WHAT IS EXPECTED |
Every line below needs to be printed again exactly, without any of its pictures.

DATA PROVIDED |
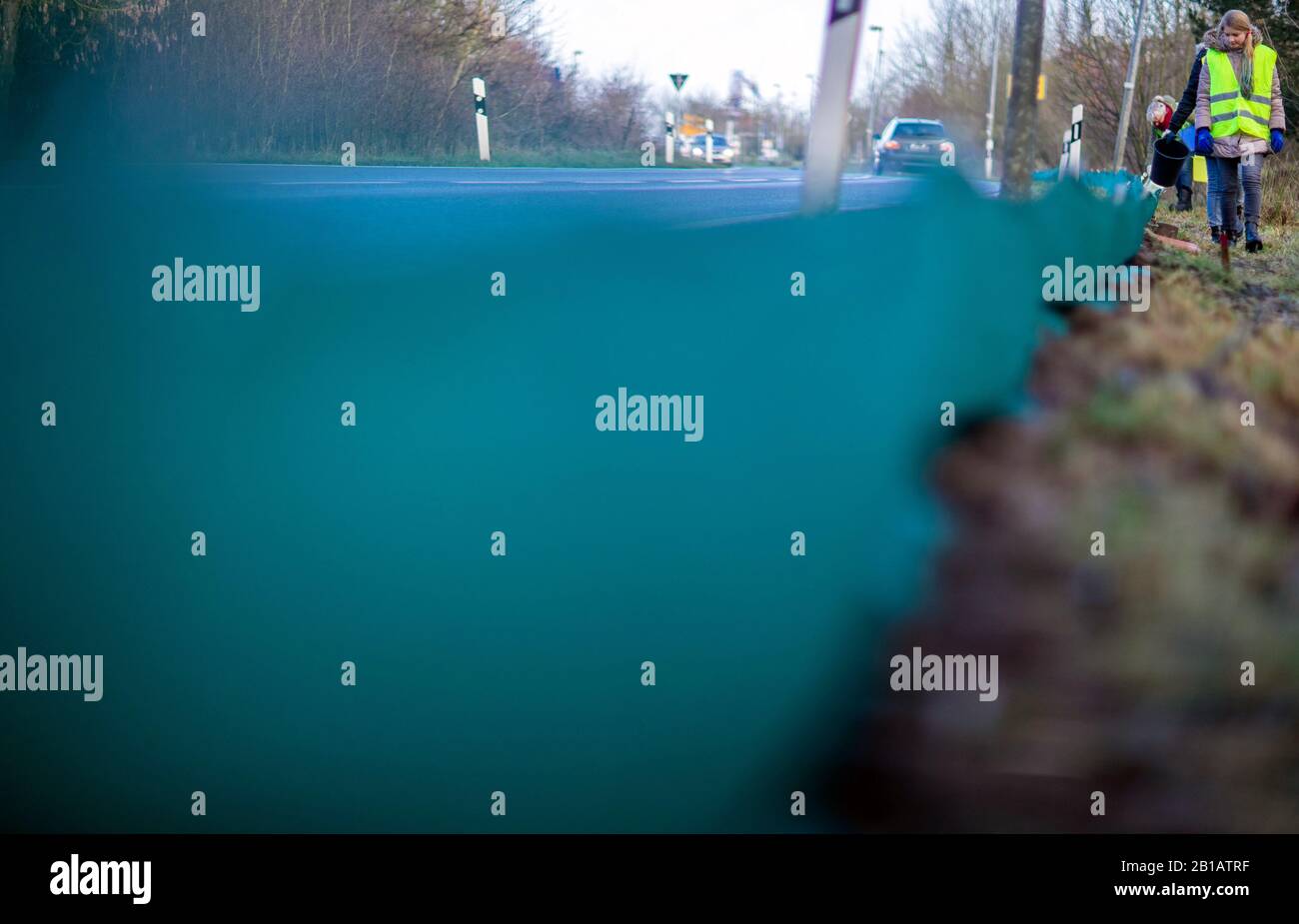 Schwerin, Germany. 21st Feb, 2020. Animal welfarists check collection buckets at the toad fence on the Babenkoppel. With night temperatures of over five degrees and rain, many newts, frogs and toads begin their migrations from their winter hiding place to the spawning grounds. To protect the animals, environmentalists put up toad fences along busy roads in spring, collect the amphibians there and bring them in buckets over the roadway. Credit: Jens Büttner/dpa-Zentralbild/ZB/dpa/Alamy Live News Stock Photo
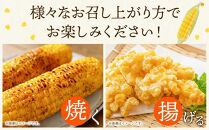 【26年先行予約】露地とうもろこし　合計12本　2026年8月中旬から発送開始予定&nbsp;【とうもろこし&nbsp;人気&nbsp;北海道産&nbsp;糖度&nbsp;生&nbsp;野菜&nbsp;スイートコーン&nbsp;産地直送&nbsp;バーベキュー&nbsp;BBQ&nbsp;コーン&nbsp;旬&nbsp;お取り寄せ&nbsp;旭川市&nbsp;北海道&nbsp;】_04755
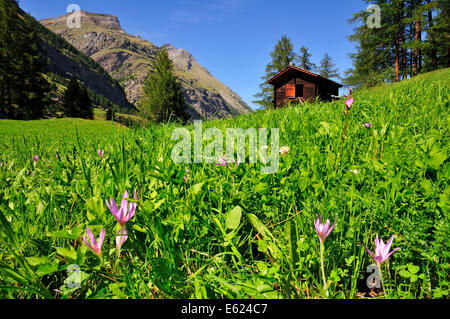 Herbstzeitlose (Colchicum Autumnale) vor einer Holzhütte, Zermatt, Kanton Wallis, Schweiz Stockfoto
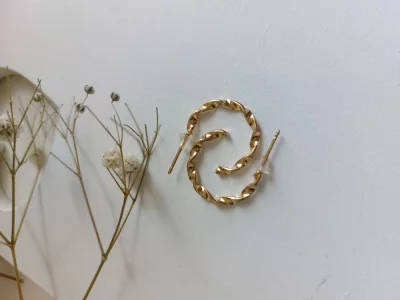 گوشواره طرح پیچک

OUTPUT BELOW |
 Schwerin, Germany. 21st Feb, 2020. Animal welfarists check collection buckets at the toad fence on the Babenkoppel. With night temperatures of over five degrees and rain, many newts, frogs and toads begin their migrations from their winter hiding place to the spawning grounds. To protect the animals, environmentalists put up toad fences along busy roads in spring, collect the amphibians there and bring them in buckets over the roadway. Credit: Jens Büttner/dpa-Zentralbild/ZB/dpa/Alamy Live News Stock Photo
 【26年先行予約】露地とうもろこし　合計12本　2026年8月中旬から発送開始予定&nbsp;【とうもろこし&nbsp;人気&nbsp;北海道産&nbsp;糖度&nbsp;生&nbsp;野菜&nbsp;スイートコーン&nbsp;産地直送&nbsp;バーベキュー&nbsp;BBQ&nbsp;コーン&nbsp;旬&nbsp;お取り寄せ&nbsp;旭川市&nbsp;北海道&nbsp;】_04755
 Herbstzeitlose (Colchicum Autumnale) vor einer Holzhütte, Zermatt, Kanton Wallis, Schweiz Stockfoto
 گوشواره طرح پیچک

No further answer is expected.